[Short descriptive text snippets]
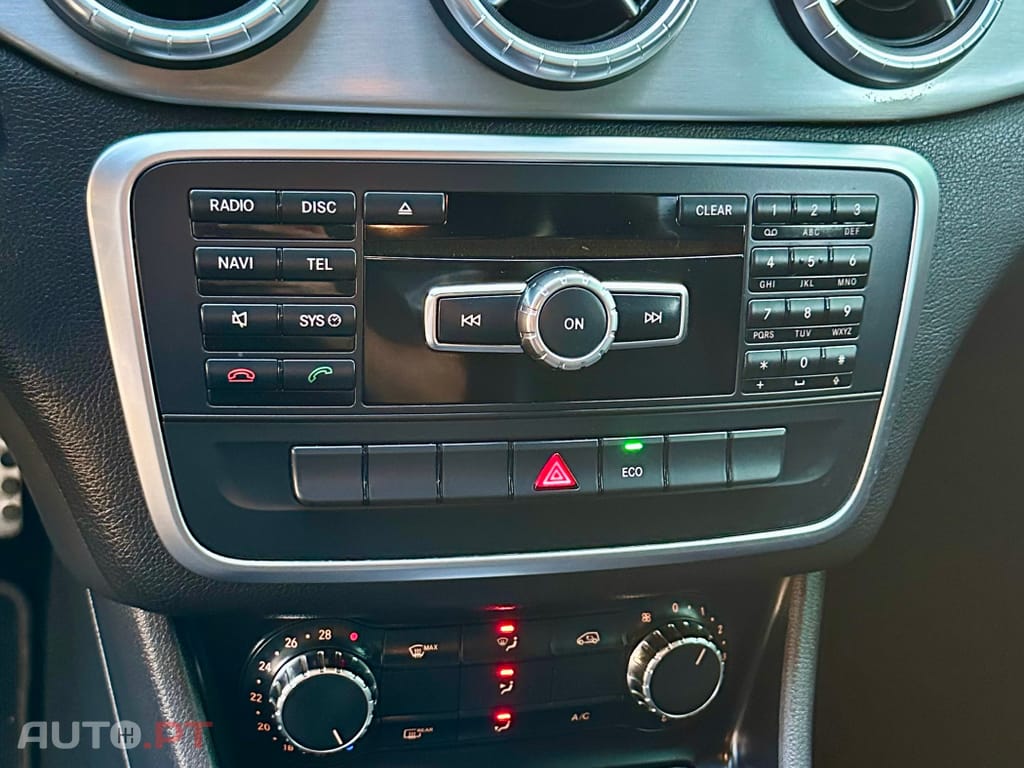 Mercedes-Benz CLA 180 CDi AMG Line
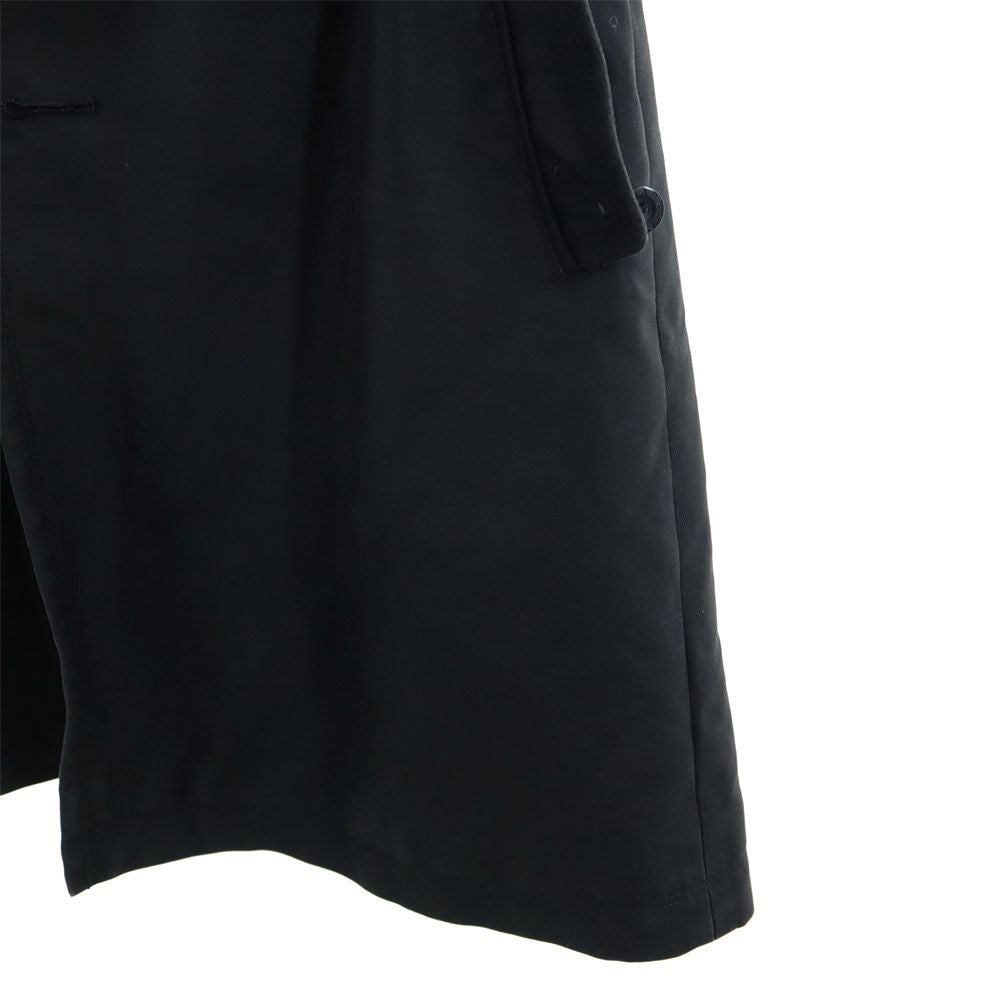 BURBERRY BLACK LABEL バーバリーブラックレーベル 三陽商会 日本製 トレンチコート M 黒 メンズ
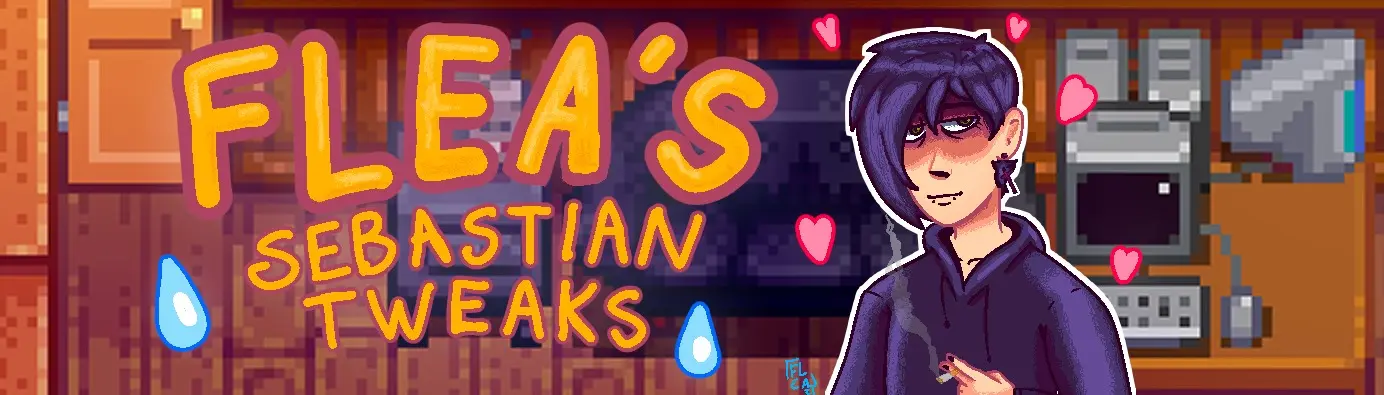 sebastian at Stardew Valley Nexus - Mods and community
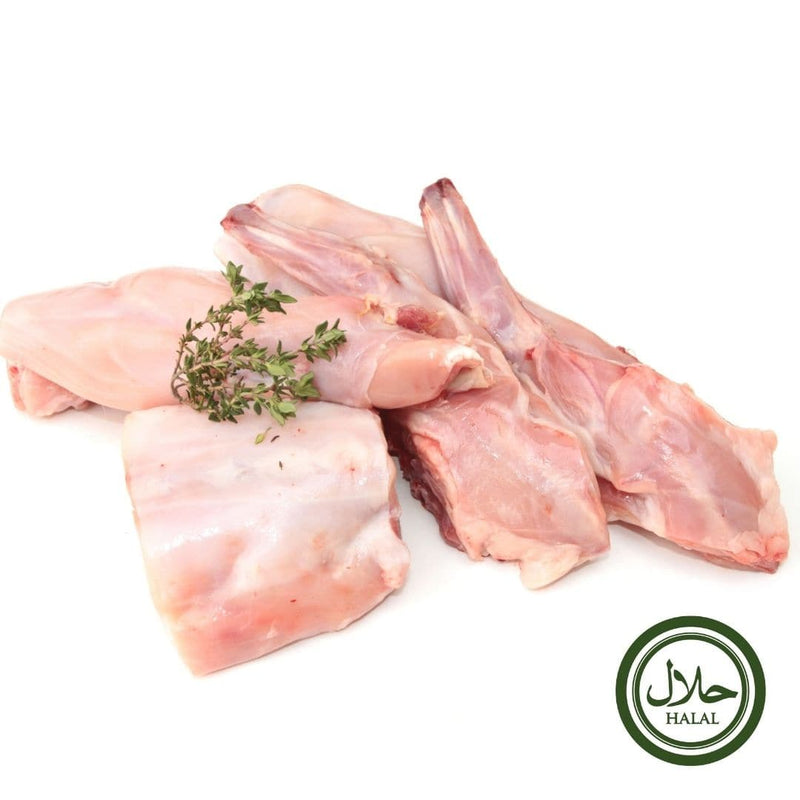 Whole Processed Rabbit Halal Whole Rabbit Online Delivery | London Grocery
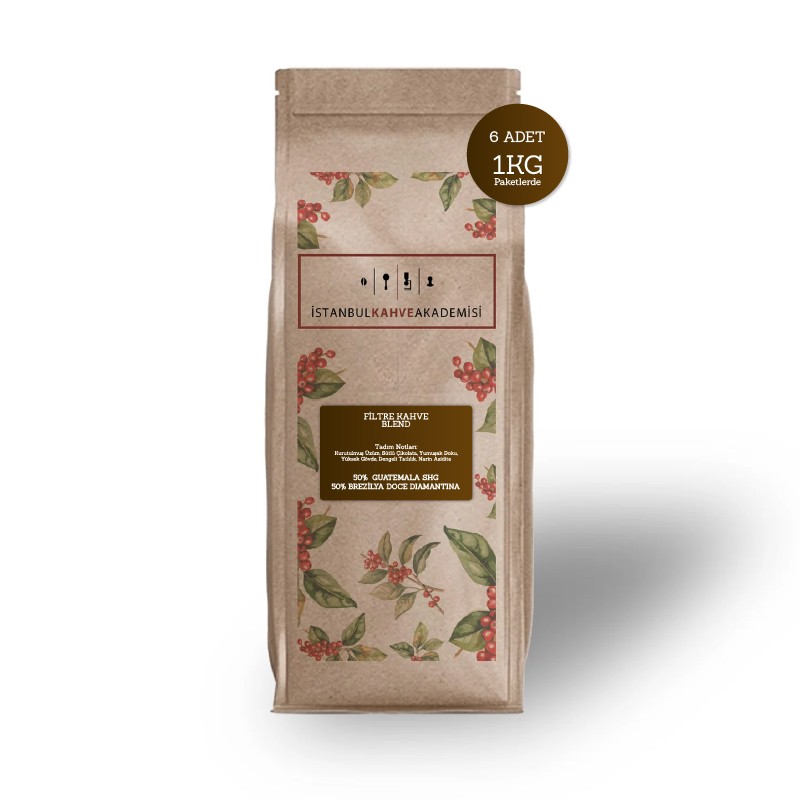 6 Kg Filtre Kahve Blend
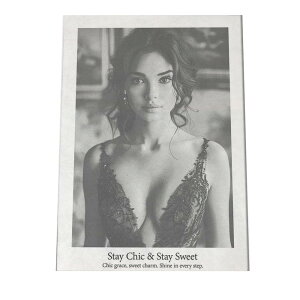 セクシー美女 アートポスター ポスター インテリア おしゃれ ファッション ポスター フォト オシャレ アート モダン シンプル 下着 ランジェリー 水着 ポートレート モデル 雑誌 写真 ガール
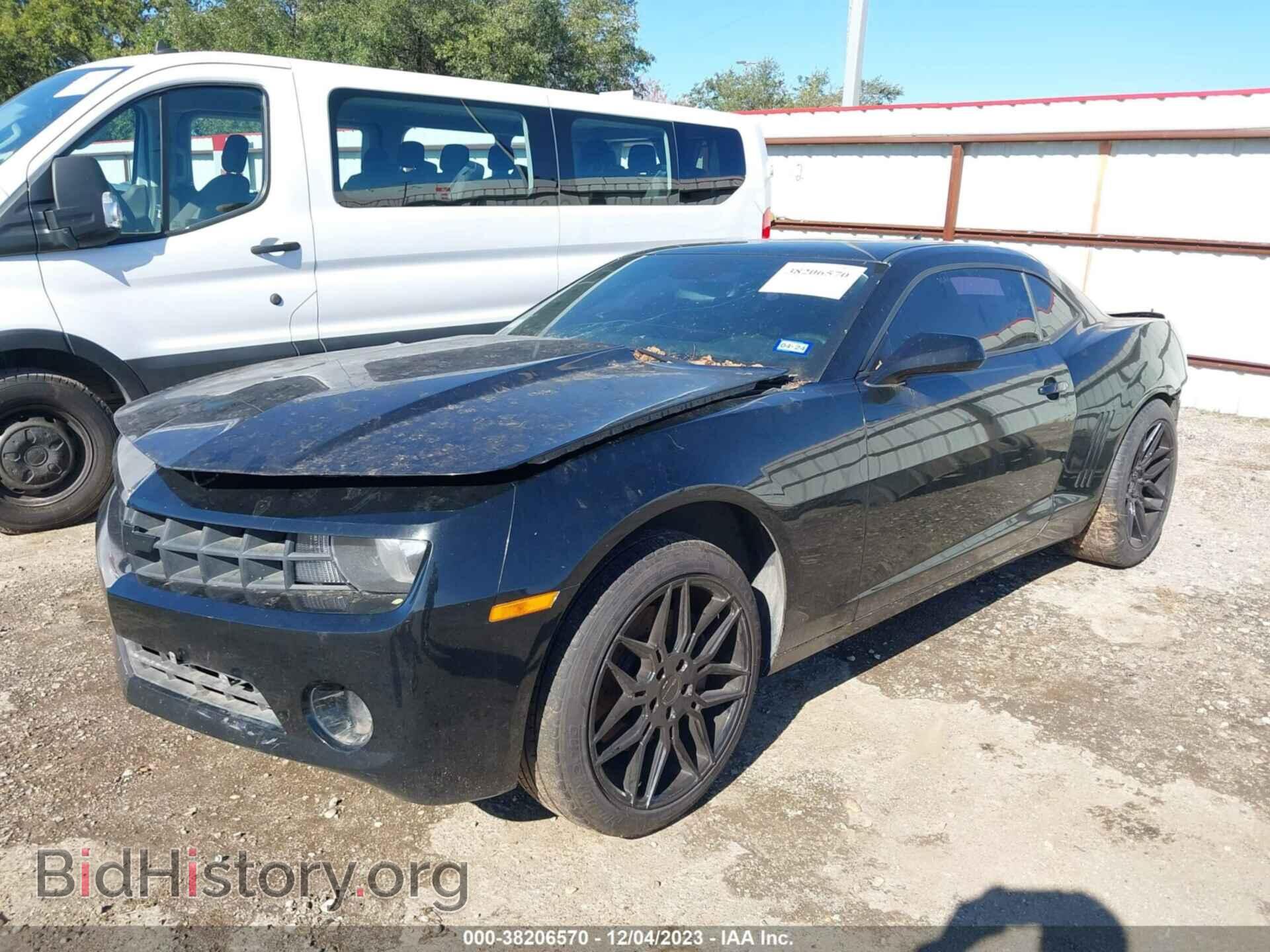 2011 CHEVROLET CAMARO - VIN: 2G1FK1EJ2B9130682 - Фото 2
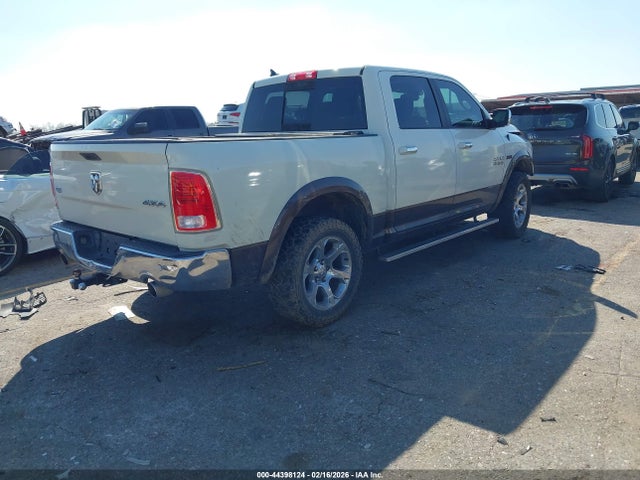Auction sale of the 2017 Ram 1500 Laramie  4x4 5'7 Box, vin: 1C6RR7NM3HS876439, lot number: 44398124
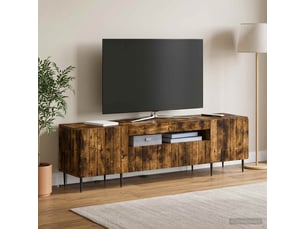 Meuble tv coloris marron 1 cm <strong></strong>  <strong></strong>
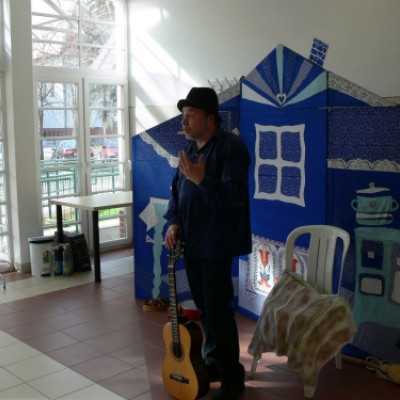 A hódmezõvásárhelyi Cibere Meseszínház vendégjátékával kedveskedtünk a gyerekeknek. - adó, 1%, alapítvány, támogatás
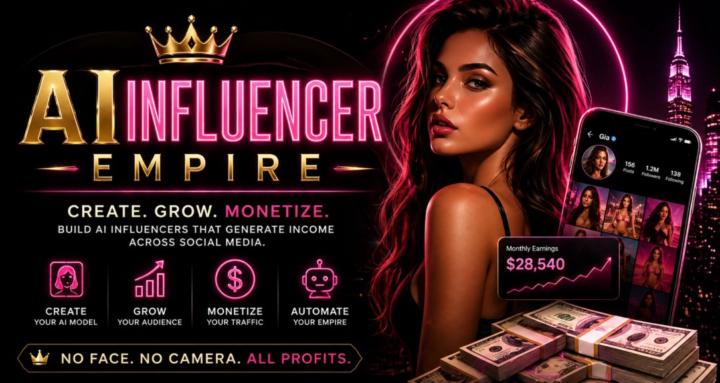 AI Influencer Empire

> **What is needed**
With the pictures left out, restate word for word every line of the data above, from the first down to the line that contains "2011 CHEVROLET CAMARO".

> **Answer to this problem**
 Mercedes-Benz CLA 180 CDi AMG Line
 BURBERRY BLACK LABEL バーバリーブラックレーベル 三陽商会 日本製 トレンチコート M 黒 メンズ
 sebastian at Stardew Valley Nexus - Mods and community
 Whole Processed Rabbit Halal Whole Rabbit Online Delivery | London Grocery
 6 Kg Filtre Kahve Blend
 セクシー美女 アートポスター ポスター インテリア おしゃれ ファッション ポスター フォト オシャレ アート モダン シンプル 下着 ランジェリー 水着 ポートレート モデル 雑誌 写真 ガール
 2011 CHEVROLET CAMARO - VIN: 2G1FK1EJ2B9130682 - Фото 2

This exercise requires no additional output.